Will be interesting to see if better without syncthing.


----------



## jmos (Dec 3, 2020)

On every system I know a load of 55 on a server means: unreachable. Without investigating time in your setup it points me to virtual machines with far to many jobs/requests and/or heavy disk access and/or out of memory (or DOS attacks), so jobs/requests can't be answered fast enough; The result is that more and more jobs/requests are left open, and: an increasing load.

If possible: I would take one after another of my services down to identify who causes this problem.


----------



## wxppro (Dec 3, 2020)

Too early to tell yet - Gotta give it a few days to confirm no outage with the Syncthing service stopped.  But it has to be Syncthing.  I found numerous posts complaining system "unresponsive" or "freezing" on both FreeBSD and Syncthing forums.

And jmos you are completely right that a server will be unresponsive under heavy load.  In this case, the weird thing is that the average load is really low.  It is some spikes of heavy load caused by Syncthing.  But even so, should not the operating system itself still be responsive?  That is, be able to maintain network connectivity, and accessible by SSH?  I can understand that tasks take much longer to complete, but a whole system freeze for a modern operating system is beyond me...


----------



## richardtoohey2 (Dec 3, 2020)

Can you put syncthing into any debugging mode / verbose output / logging?  Might give some more clues as to what specifically it is doing to trigger this issue.

But maybe do that after you have the trial period without syncthing.

I _think_ fork bombs are still a thing - so yes, you can engage treacle-mode on an OS by overwhelming it with resource-intensive processes.

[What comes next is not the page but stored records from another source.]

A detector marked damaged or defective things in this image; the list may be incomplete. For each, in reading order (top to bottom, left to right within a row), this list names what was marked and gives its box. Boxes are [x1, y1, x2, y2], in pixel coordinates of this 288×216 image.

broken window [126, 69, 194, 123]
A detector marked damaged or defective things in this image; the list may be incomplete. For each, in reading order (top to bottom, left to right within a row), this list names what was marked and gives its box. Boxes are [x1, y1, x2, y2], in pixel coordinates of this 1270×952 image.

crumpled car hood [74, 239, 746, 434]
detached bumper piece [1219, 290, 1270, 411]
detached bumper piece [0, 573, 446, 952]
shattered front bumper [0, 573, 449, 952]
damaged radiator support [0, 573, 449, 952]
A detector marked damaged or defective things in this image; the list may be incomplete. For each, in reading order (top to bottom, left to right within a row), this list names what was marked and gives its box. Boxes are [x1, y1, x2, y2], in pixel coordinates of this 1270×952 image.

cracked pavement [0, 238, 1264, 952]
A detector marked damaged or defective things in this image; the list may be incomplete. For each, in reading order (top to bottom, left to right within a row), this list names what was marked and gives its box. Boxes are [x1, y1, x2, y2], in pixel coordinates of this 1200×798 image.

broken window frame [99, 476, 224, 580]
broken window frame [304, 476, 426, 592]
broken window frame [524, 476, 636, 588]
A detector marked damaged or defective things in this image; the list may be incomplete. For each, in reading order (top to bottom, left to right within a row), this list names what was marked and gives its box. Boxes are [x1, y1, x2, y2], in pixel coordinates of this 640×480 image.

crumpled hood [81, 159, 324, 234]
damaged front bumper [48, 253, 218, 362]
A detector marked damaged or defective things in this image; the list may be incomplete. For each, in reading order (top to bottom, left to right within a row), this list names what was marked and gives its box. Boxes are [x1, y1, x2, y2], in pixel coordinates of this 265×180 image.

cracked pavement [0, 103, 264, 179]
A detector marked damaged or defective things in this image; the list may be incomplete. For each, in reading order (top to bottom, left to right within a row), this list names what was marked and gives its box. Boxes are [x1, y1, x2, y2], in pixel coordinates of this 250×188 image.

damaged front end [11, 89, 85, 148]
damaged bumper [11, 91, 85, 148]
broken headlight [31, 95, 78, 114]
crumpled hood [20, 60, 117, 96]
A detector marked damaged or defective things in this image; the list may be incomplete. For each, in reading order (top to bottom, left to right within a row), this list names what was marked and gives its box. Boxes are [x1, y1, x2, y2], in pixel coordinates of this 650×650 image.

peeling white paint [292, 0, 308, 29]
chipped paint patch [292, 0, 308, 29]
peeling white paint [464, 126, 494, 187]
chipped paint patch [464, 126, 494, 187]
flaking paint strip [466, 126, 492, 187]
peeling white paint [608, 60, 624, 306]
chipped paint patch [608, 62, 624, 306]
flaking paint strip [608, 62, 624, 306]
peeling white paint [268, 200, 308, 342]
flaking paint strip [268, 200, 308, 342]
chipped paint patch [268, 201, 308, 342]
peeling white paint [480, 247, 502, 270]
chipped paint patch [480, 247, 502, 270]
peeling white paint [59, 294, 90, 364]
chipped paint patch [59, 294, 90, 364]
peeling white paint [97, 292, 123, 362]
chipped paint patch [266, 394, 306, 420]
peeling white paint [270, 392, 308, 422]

It does seem to be known for whacking machines (this is an old post): https://forum.syncthing.net/t/syncthing-freezes-my-computer/2450


----------



## jmos (Dec 4, 2020)

wxppro said:


> But even so, should not the operating system itself still be responsive?  That is, be able to maintain network connectivity, and accessible by SSH?  I can understand that tasks take much longer to complete, but a whole system freeze for a modern operating system is beyond me...


Who defined the binaries on your computer that should be given priority? The system can hardly guess that a request on SSH should now be prioritized higher - the system cannot solve this for you in general (and the AI thing doesn't exist, it's a marketing fairy tale). And a new, further job on top should rather be executed instead of finally finishing the current state?

It would be nice to have a responsive machine in such cases. But I myself never been in front of a machine on which this was possible out of the box. Instead you're waiting for minutes to get a single letter through when logging in…


----------



## richardtoohey2 (Dec 4, 2020)

If I'm looking at the right machine it does also seem a bit wimpy (or is that just me?) given the layers of complexity you are using - a quad core 1.1 Ghz Celeron with 4GB of RAM - and you've got Bhyve, jails, and ZFS all in the mix.  Or am I getting too used to needing a bazillion Ghz and a megaton of RAM just to run web browsers these days?  (My first computer had 1K of RAM until we got the 16K RAM pack!)


----------



## SirDice (Dec 4, 2020)

I'm trying to recap and skimmed through most of the thread so I may have missed some information. Is this machine a VM or real iron? I see there's 4GB of memory and 8GB of swap, that looks good. The two bhyve(8) VMs, how much memory is assigned to them? Looks like 2 x 512MB? So that's 1 GB, give or take. Set your ARC limit to 1GB too. That will leave around 2GB for the OS and everything else that's running on it (I see Samba and ftpd(8)?). Also try without running powerd(8).


----------



## wxppro (Dec 4, 2020)

Right, richardtoohey2, it is not a strong, powerful machine.  This one is only for home, with 2~3 users and some lightweight tasks.  To some extent, it is like a testing environment to check out how the system works.  It may seem to have many apps/layers installed, but most of them are just there, not really doing anything.  
 - The two VMs are Pihole on Debian, with each assigned 512MB.  They serve 5~10 home PCs and devices.  Really lightweight.  Load is close to zero.
 - The jail is for testing transmission.  No download has been done recently.
 - Samba and Syncthing are probably the only substantial apps, with about 2TB data.  It is almost all static data with occasional access.  Syncthing will sync files between two PCs and the server.  There is no constant reading/writing at all.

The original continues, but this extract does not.